Essa atuação no Vale do Javari gerou, inclusive, conflitos com esses trabalhadores que eram de empresas contratadas e que, muitas vezes, iam para lá também em uma condição de completo desconhecimento do que iriam encontrar pela frente, com os indígenas reagindo a ocupação dos seus territórios, a invasão dos seus territórios. Portanto, esse segmento de trabalhadores também foram vítimas dessas ações.

Além dessas perseguições, houve também um acidente em Cubatão com, no mínimo, 93 mortes. Como a Petrobras tratou as comunidades locais após as mortes?

Esse incêndio que aconteceu em 1984 é uma coisa tenebrosa, com dezenas de homens, mulheres e até crianças que foram carbonizadas.
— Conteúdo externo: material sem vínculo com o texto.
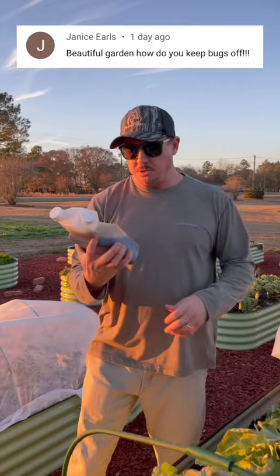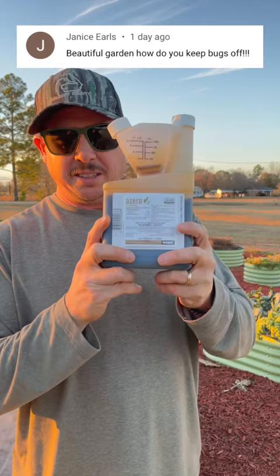Well, let me show you a product. I've used a lot of different pest control products over the years. This is an organic product called Azera, and it's the most comprehensive organic insecticide that I've found.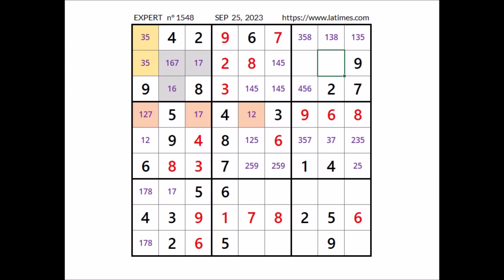In this place cannot be 1, cannot be 8 — 1 and 8 occupy two of these three sector places — and cannot be 7 because 7 is in this sector. So in this place has to be number 3. We have 3 here. In this place 5 and 8 are the options; cannot be 3. In this place 1 and 5 are the options. We have a triple in this sector — in these three places the numbers 1, 5 and 8.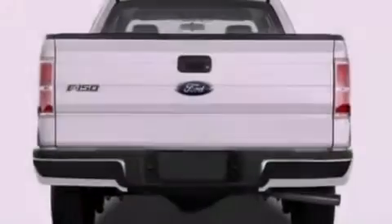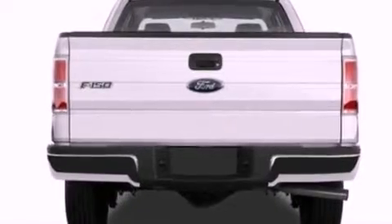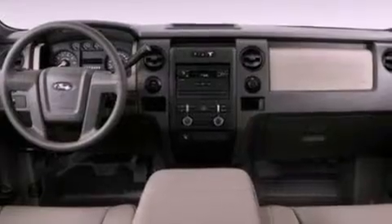An engine immobilizer theft deterrent system, 12 volt power outlets, an anti-lock braking system, side curtain airbags, and power windows.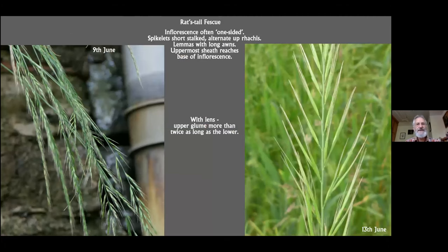The other one, rat's tail fescue, tends to have a slightly one-sided look to the inflorescence. It's often drooping, with the spikelets hanging down one side of the rachis. The spikelets are short-stalked — I think you can see that here — but sometimes a little bit longer, and they do alternate up the rachis. The lemmas have long horns, and one of the special features for this particular fescue — which is actually not a Festuca but a Vulpia — is that it has a leaf sheath which grows right up to, and even slightly enclosing, the very base of the inflorescence.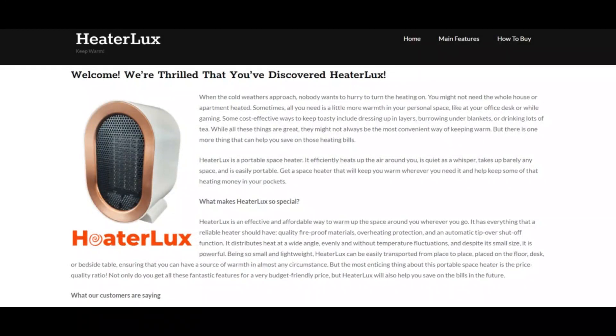Hello friends, today we are talking about Heater Lux reviews. You should know about it, so stay connected with this video to know what Heater Lux is. Heater Lux is an innovative device which is designed to keep you warm during any kind of cold weather.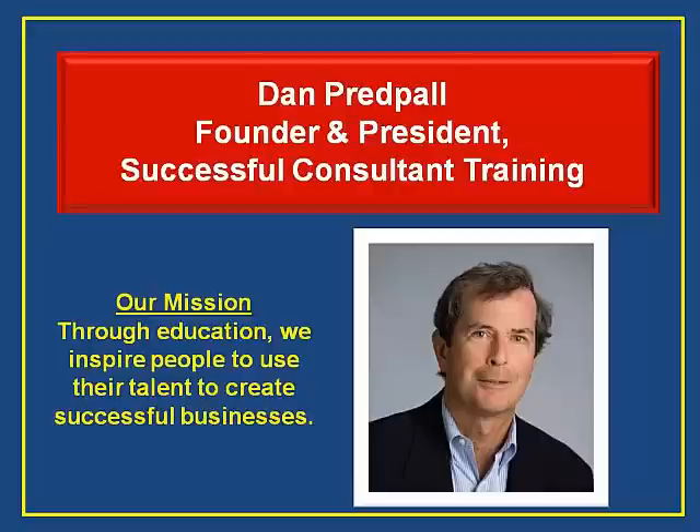Over my 35 plus years in consulting, I collected the best practices I learned and used successfully, and I'd like to share those best practices with you. You can become an independent consultant by implementing the 20 steps we describe in this video.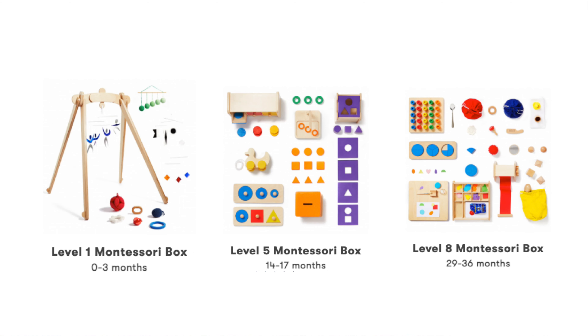Monty Kids costs $297 per box, with the exception of their level seven box that costs $257. Their numbering scheme is also a bit confusing as the boxes aren't on a set schedule — some boxes cover three months like level one, but some like level five cover four months and level eight covers eight months. Subscribing to Monty Kids for the full three years to get all eight boxes would cost $2,336. With Love Every, if you subscribe the full four years, it would cost $1,920, making it not only $460 less than Monty Kids, but you also get an extra year of play kits. If you're comparing the two solely based on cost, then Love Every wins.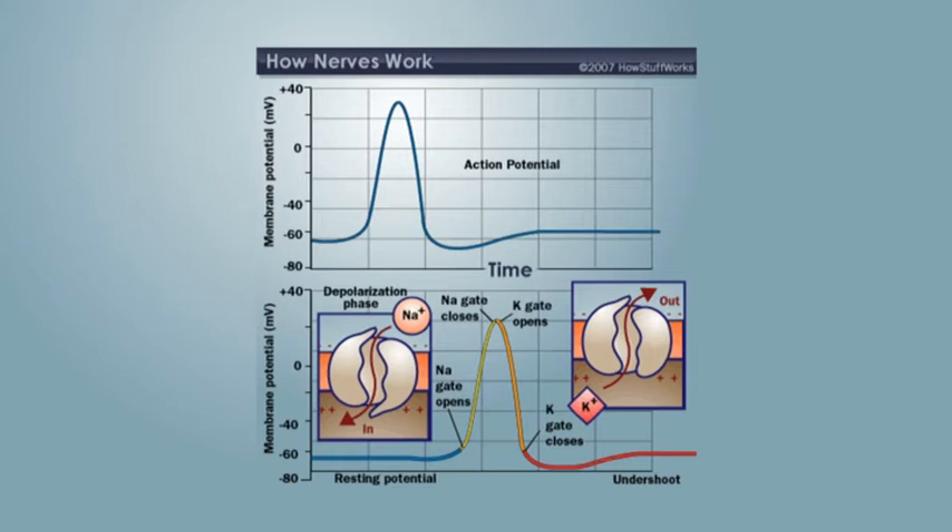Separating the nerve cell from the outside of the cell is what's called a semi-permeable membrane. That means most of the time potassium ions inside the cell and sodium ions outside the cell can't get in or out of the cell. But at the point of depolarisation, a gate is opened at the periphery of the cell and sodium ions come in, making the inside of the cell positive compared with the outside, so you get what's called an action potential of about plus 40 millivolts.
O caso não resolvido até hoje. A empresa, na época, admitiu 93 óbitos, mas muita gente envolvida na investigação e membros da comunidade afirmam que esse número passa de 500. Então até hoje não há um acordo sobre o número de mortos.

Havia um duto da Petrobras que teve um vazamento de gasolina e, de repente, explodiu, gerando um incêndio de grandes dimensões em uma comunidade.

A Petrobras nunca assumiu a responsabilidade efetiva pelo que aconteceu na localidade conhecida como Vila Socó e, segundo documentos mostram, a empresa em si estava preocupada com a imagem, por isso, articula rapidamente um grupo de trabalho. A empresa paga algumas indenizações, em base a valores irrisórios já para a época, com um discurso de uma ação solidária porque ela não seria responsável por aquelas mortes.

O que a Petrobras poderia fazer para reverter esse apagamento histórico de perseguições e crimes ambientais?

A primeira coisa é reconhecer. Esse reconhecimento passa, inclusive, por admitir que parte do importante crescimento econômico que a empresa teve neste contexto é resultado de ter estabelecido para os seus trabalhadores um regime de extrema repressão e de superexploração do trabalho.

Precisamos que ela publicamente diga o que fez e peça desculpas à sociedade, com ações muito concretas, como a criação de centros de memória, financiamento de pesquisa sobre essa época, reparação econômica para os povos indígenas e os afetados pelos crimes.